University of Pennsylvania School of Medicine, Philadelphia, PA, 1993.
Haverford College, Haverford, PA, 1987.
University of Pennsylvania School of Medicine, Philadelphia, PA, 1993.
Description of Research ExpertiseHereditary Breast Cancer
The research in the Nathanson Group in hereditary breast and ovarian cancer started when I was post-doctoral fellow, training under Dr. Barbara Weber. Most recently, we have published studies demonstrating variable risks of breast and ovarian cancers with differing mutation types and locations with BRCA1 and BRCA2 (JAMA, 2015), and described the world-wide distribution of mutations (Hum Mutat, 2018). My group has evaluated the rate of moderate risk gene mutations in early onset breast cancer (Genet Med, 2015; NPJ Breast Cancer ,2017), contributed to consensus statements on the risk of these mutations (NEJM, 2015; Nat Rev Clinic Oncol, 2016), and evaluated the use of the ACMG guidelines for variant annotation of these genes (Am J Hum Genet, 2016). We published a somatic characterization of tumors associated with BRCA1/2 germline mutations and demonstrated that a significant proportion do not have allele-specific loss of heterozygosity, associated with differential genetic/genomic characteristics and survival after treatment (Nat Comm, 2017).

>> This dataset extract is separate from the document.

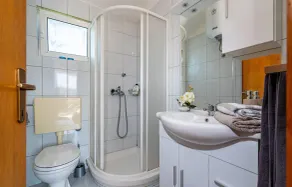2 Bedroom Nice Home In Molat - Image 2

We have preliminary data following up.
1) Identification of novel breast cancer susceptibility genes using large scale sequencing in high risk and case-control cohort studies
2) Characterization of moderate penetrance breast cancer susceptibility genes in large cohorts
3) Characterization of immunogenicity in BRCA1/2 mutation associated cancers, understanding the associated molecular features and role of aneuploidy (working with cancer immunologists at Penn Medicine)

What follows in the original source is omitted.